Community steps in to help family with epilepsy

| Pharie Sefali
Siphokazi Rululu and her father, Ayanda Qhara. Picture by Pharie Sefali.

Residents in Khayelitsha came out in their numbers at the weekend to celebrate the donation of a wheelchair and food parcel to a father and daughter who have epilepsy.

Residents and community leaders marched in the streets of Site C on 10 August , singing songs celebrating Women’s Month and showing unity against poverty in the area.

Among the marchers were members of organisations including the ANC Women’s League, Ses’Khona and SANCO.

In June, GroundUp published the story of disabled 14-year-old Siphokazi Rululu and her father, Ayanda Qhara, who both suffer from chronic epilepsy.

Siphokazi’s mother leaves for work in a restaurant chain kitchen at 6am and returns at 7pm four days a week, leaving Siphokazi’s seven year old sister to take care of them.

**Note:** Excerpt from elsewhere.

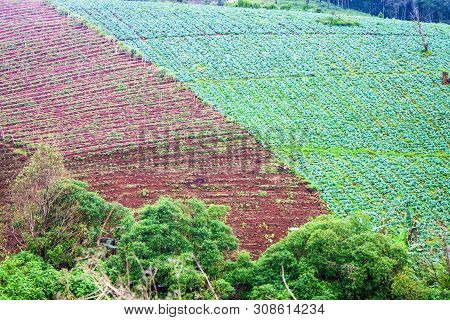 View Of Cabbage Fields In Northern Thailand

Siphokazi and her father were very excited about the gifts. The teenager danced on top of the wheelchair as she was pushed around in it, clapping her hands.

“What is being done here is very unique and I do not have words to describe the happiness we feel as a family,” said Qhara’s sister, Nowandisile Nikani. “I wish all communities could stand together in unity and help each other. Now the family has hopes of having a brighter future.”

Xolani Dywili, one of the community leaders who initiated the donation, told GroundUp that the community could not just wait for government to do things for them.

“People in this community are suffering and if we wait for some government official to help us then we will wait forever and poverty will kill us,” he said.

“What we did here today is to show that this community is in unity and that the leaders in the community care about the wellbeing of its people. The family has been suffering for many years and we just had to do something about it,” said Dywili.

Dywili said the money to buy the wheelchair came from a local doctor who saw the need to help the family.

Vivian Zilo, the founder of a charity called Iliso Care Society, said the food parcels, which included samp, rice, flour, soaps and oil, were donated by Percy Fox Foundation through her organisation.

She said Iliso Care Society also ran a soup kitchen.

The community could not sit by and do nothing when a family was in need, she said.